Our understanding of human consciousness – what it is and how it relates to the brain’s activities – is at an early stage. Cognitive scientists have developed models to try to describe how the processes of the brain that underlie learning and remembering operate. These models are simplifications of processes that in reality are highly complex and only partially understood.

To teachers, the usefulness of such models lies in their simplicity. They describe essential aspects of how memory works that practitioners can draw upon alongside their experience and expertise to develop better informed strategies for helping students to learn.

Different Types of Memory

An especially useful model for how memory works makes a distinction between working memory and long-term memory (Atkinson and Shiffrin, 1968). We use our working memory to attend to the here and now, to filter the continuous stream of information coming in from our environment. More important information is passed to our long-term memory, the huge repository where everything we know is encoded in ‘schemas’ of related ideas, facts and procedural knowledge.

The working memory can be thought of as the site of our consciousness.
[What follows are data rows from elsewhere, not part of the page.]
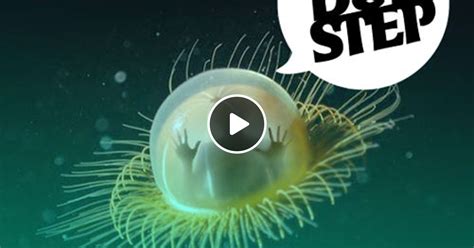 Reposters Of Jld 84 Myles Away By Jaime Le Dubstep Podcast Mixcloud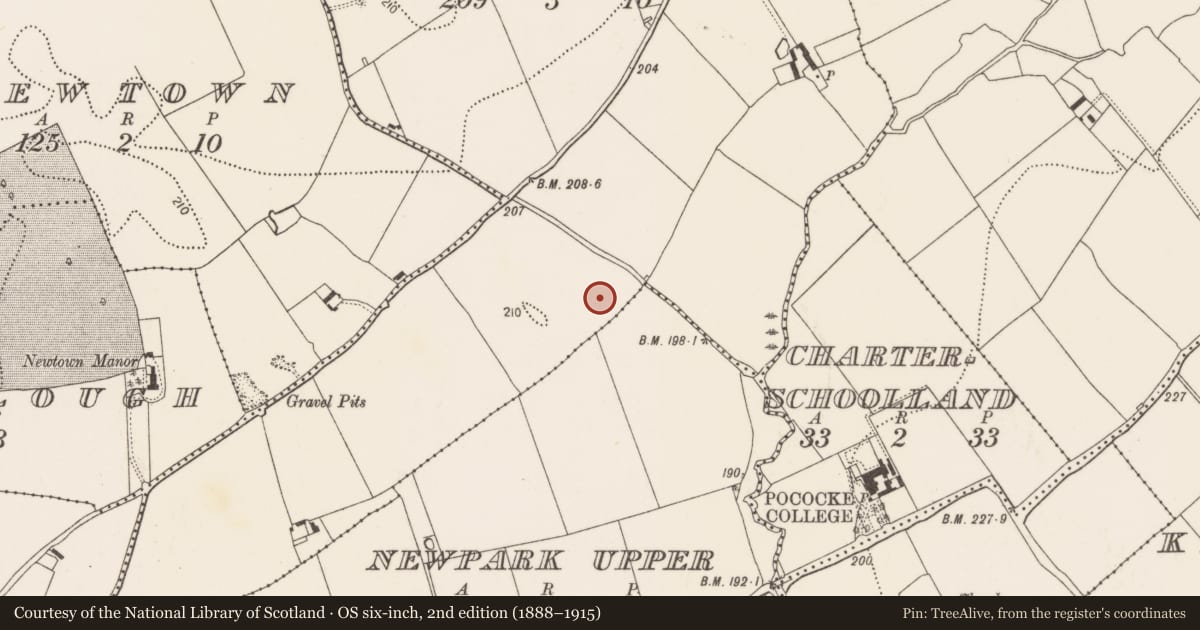 Ordnance Survey six-inch map, 2nd edition (1888–1915) covering the location of Ring-ditch, Newpark Upper, County Kilkenny, with a pin at the register's coordinates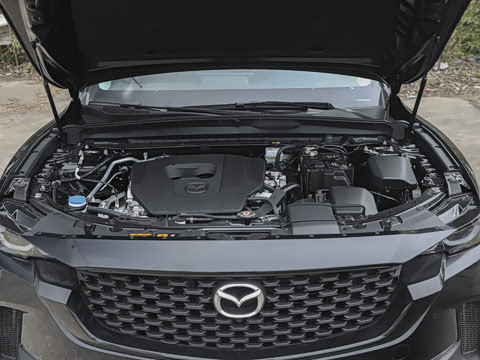 2026�� 2.5L ���а�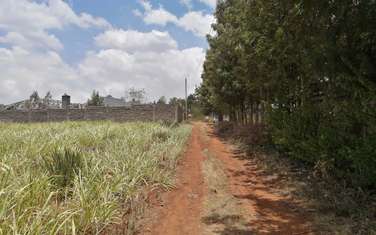 0.125 ac land for sale in Kikuyu Town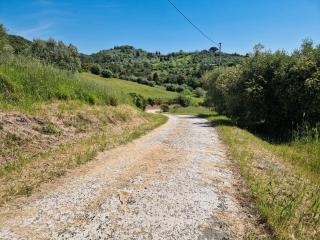 Piccolo Paradiso - Riparbella - 6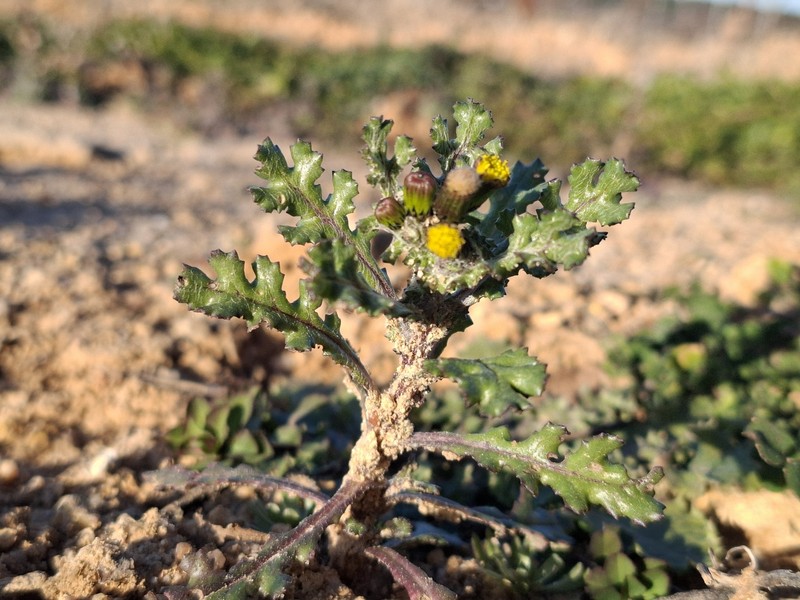 Senecio vulgaris subsp. vulgaris photo 5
The knowledge in our long-term memory lies outside of our consciousness until we recall it. For example, when asked what a panda looks like you can easily access that information from your long-term memory even though a moment ago you weren’t thinking about pandas.

Our long-term memory is apparently limitless but our working memory is extremely limited, both in terms of how much it can store and for how long (Miller, 1956). For this reason it can easily become overloaded: we have all had the experience of trying to hold a phone number in our working memory for a few seconds and losing it because of a distraction.

‘Learning’ is a process whereby information passes from the working memory to the long-term memory, where it is ‘encoded’ by linking it with what we already know. That is, we build up our knowledge gradually in ever-more-complex networks. To enable students to learn well it is helpful to understand in a little more detail how this process works.

Cognitive Load Theory: What is it and Why it Matters

One theory in particular, Sweller’s ‘Cognitive Load Theory’, has been described by Dylan Wiliam in a tweet in 2017 as ‘the single most important thing for teachers to know’. Sweller’s theory looks at our cognitive architecture and explains how we process information by connecting it to our existing knowledge through increasingly complex schemas. A single schema is like a single unit of information, and the more we know (i.e. hold in our long-term memory), the more our limited working memory is freed up to process new information. To function well, the working memory therefore depends upon the long-term memory to reduce the ‘load’ it experiences.

Learner drivers know what it is like to suffer from working memory overload when they try to attend to their feet, their hands, the road and their instructor all at once. An experienced driver by contrast can do this effortlessly even while doing something else cognitively complex, such as holding a conversation with a passenger. This is because the activities involved in driving have become fully automatic in the long-term memory, so even when paying attention to the road most of the experienced driver’s working memory is free to attend to the conversation. The more relevant knowledge we have assimilated into our long-term memory, the more effective our working memory is at processing incoming and new information. The same principle applies to students learning an academic subject.

It is easy for someone who has deep subject knowledge and can think more or less effortlessly in their discipline to underestimate how quickly a student who lacks that expertise can struggle with cognitive overload when encountering new information. To teach successfully, one needs to remain aware of what it is like not to have that knowledge or that fluency, and to know how to help one’s students to acquire it in stages.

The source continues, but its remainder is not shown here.